Lo cierto es que sólo el 1,4% de los delitos denunciados tiene una condena. Y Chequeado publicó que, según la última Encuesta de Victimización del INDEC, el 47,5% de los delitos contra el hogar y el 66,3% de los delitos contra las personas no se denuncian.
Mientras tanto, en Comodoro Rivadavia ya detuvieron a ocho personas por el linchamiento de José Oviedo. E identificaron al presunto agresor sexual del niño de 12 años que provocó la furia. La fiscal de delitos complejos Camila Banfi anunció que cambiará la carátula del caso, de homicidio simple a premeditado, y dijo que cree que hubo “un acuerdo para ir a realizar un hecho delictivo”. Se refiere a los mensajes de WhatsApp, “donde se convoca puntualmente a darle muerte a esta persona”.
Sin embargo, el 16 de mayo, 20 días después del linchamiento de Oviedo y de nuevo en Comodoro Rivadavia, una persona fue sorprendida por la policía mientras robaba en una casa y cuando intentaron sacarla, unos 20 vecinos quisieron lincharla. Y tres días más tarde, en Trelew, no muy lejos de Comodoro Rivadavia, un joven de 21 años que apuñaló a otros dos en una pelea callejera también fue golpeado por una muchedumbre.

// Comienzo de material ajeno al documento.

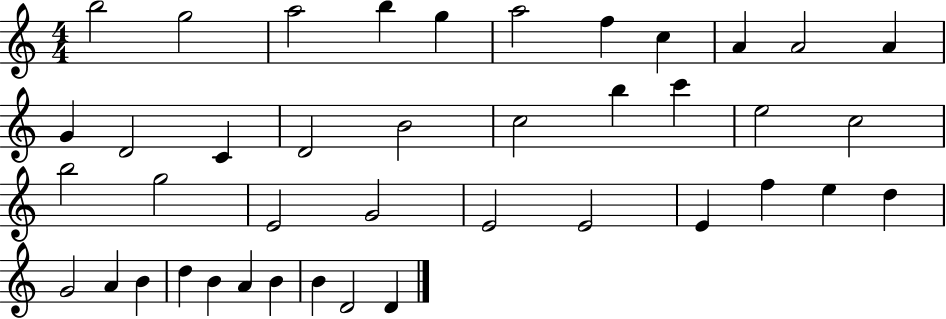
B5/h G5/h A5/h B5/q G5/q A5/h F5/q C5/q A4/q A4/h A4/q G4/q D4/h C4/q D4/h B4/h C5/h B5/q C6/q E5/h C5/h B5/h G5/h E4/h G4/h E4/h E4/h E4/q F5/q E5/q D5/q G4/h A4/q B4/q D5/q B4/q A4/q B4/q B4/q D4/h D4/q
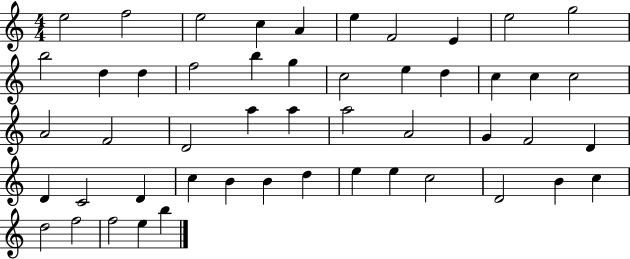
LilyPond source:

{
  \clef treble
  \numericTimeSignature
  \time 4/4
  \key c \major
  e''2 f''2 | e''2 c''4 a'4 | e''4 f'2 e'4 | e''2 g''2 | \break b''2 d''4 d''4 | f''2 b''4 g''4 | c''2 e''4 d''4 | c''4 c''4 c''2 | \break a'2 f'2 | d'2 a''4 a''4 | a''2 a'2 | g'4 f'2 d'4 | \break d'4 c'2 d'4 | c''4 b'4 b'4 d''4 | e''4 e''4 c''2 | d'2 b'4 c''4 | \break d''2 f''2 | f''2 e''4 b''4 | \bar "|."
}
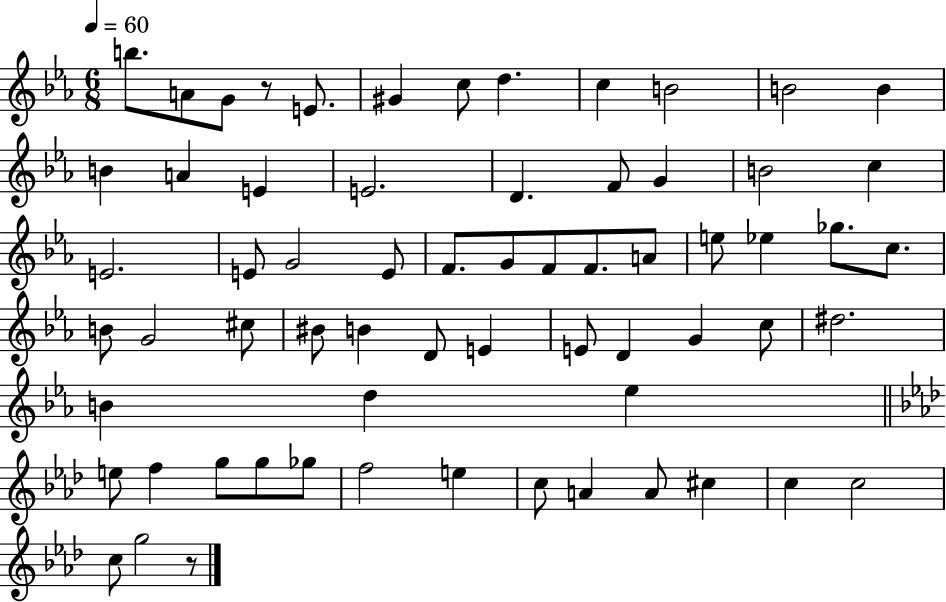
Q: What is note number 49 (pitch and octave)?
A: E5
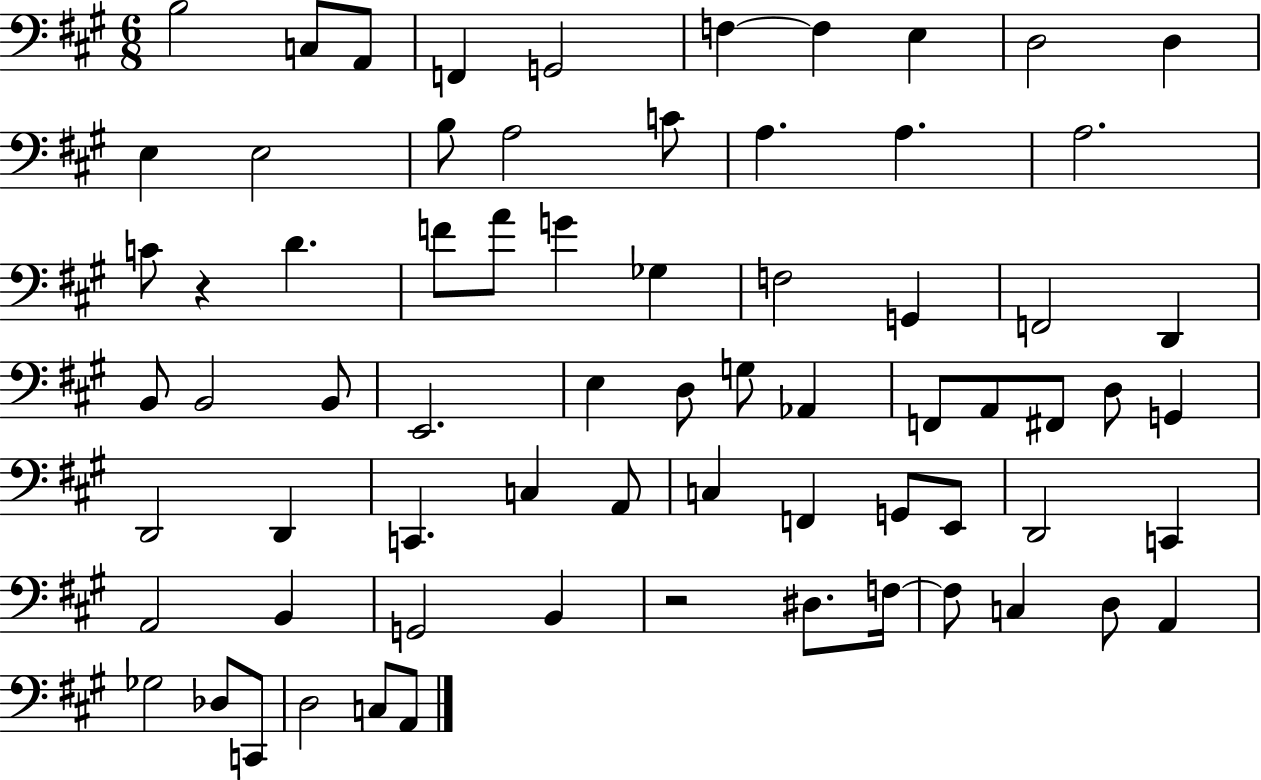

Para Cohen Agrest, un linchamiento es algo muy parecido a una venganza. “Pero cuando la reacción se produce públicamente, ya no es la venganza de la víctima solamente. A ella se asocian, por un impulso mimético, quienes se saben tan vulnerables como la víctima. Por supuesto, no es una justificación del linchamiento. Pero es una comprensión de los resortes colectivos que, ante una justicia ineficaz, en lugar de fracturar los lazos sociales, los refuerzan”. Y un linchamiento es, también, una solución de facto alejada de las que debería haber: “soluciones de iure que desalienten una sociedad donde crece el rencor cuando comprueba, perpleja, que los ultrajes irreparables son silenciados por un Estado indiferente a su compromiso y función más esencial”.